Lavoratori dello spettacolo, le nuove regole per maternità, malattie, infortuni e pensioni

Per i lavoratori dello spettacolo dallo scorso 1° luglio sono arrivare le nuove regole che riguardano la maternità, la malattia, l’infortunio, la disoccupazione, i contributi e le pensioni. Il nuovo sistema di welfare per i lavoratori dello spettacolo è diventato legge con la conversione del decreto “Sostegni bis” nella legge numero 106 del 2021.

Cosa cambia per i lavoratori dello spettacolo con il nuovo welfare?

Più nel dettaglio, ci si chiede cosa sia cambiato per i lavoratori dello spettacolo con le nuove regole del welfare. Innanzitutto, gli interessati possono godere di un rafforzamento delle tutele assistenziali, a partire dalla genitorialità, con la modifica del calcolo delle indennità. Infatti, si è provveduto a modificare il sistema di calcolo delle indennità: l’ammontare giornaliero va parametrato al reddito maturato nei 12 mesi che precedono il periodo indennizzabile. In precedenza il periodo di riferimento era limitato alle ultime 4 settimane.

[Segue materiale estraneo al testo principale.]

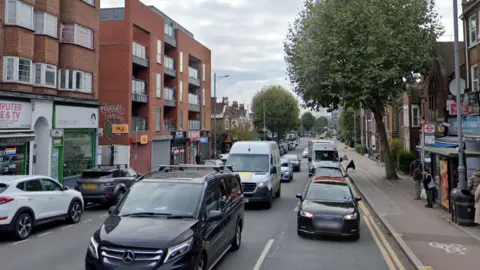 Google A Google Streetview image of Lea Bridge Road, with traffic, with shops on one side of the road and a bus stop on the other.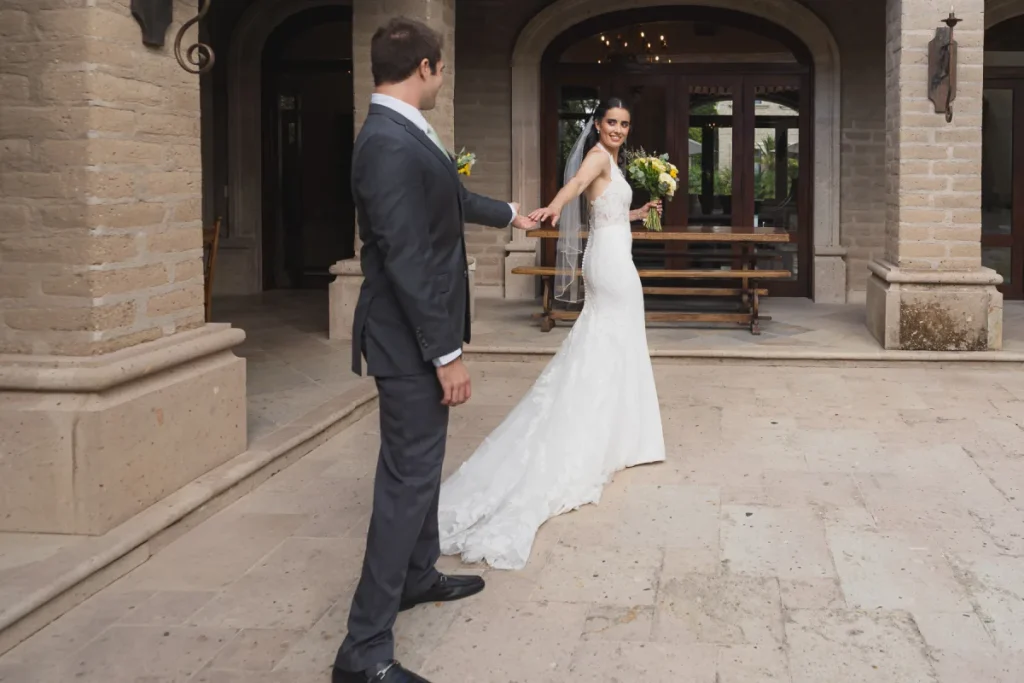 Pareja de novios sonr&iacute;e en un patio mientras se toman de la mano.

Nuove tutele assistenziali per i lavoratori dello spettacolo: meno contributi per la malattia

Inoltre, dal 1° luglio sono cambiate le tutele assistenziali per i lavoratori dello spettacolo con la previsione di meno contributi a copertura della malattia. Infatti, per usufruire dell’indennità economica durante la malattia, i contributi giornalieri versati al Fondo pensione dei lavoratori dello spettacolo devono essere pari a 40 e non più a 100.  I lavoratori dello spettacolo devono aver versato i contributi a partire dal 1° gennaio dell’anno precedente a quello della malattia stessa.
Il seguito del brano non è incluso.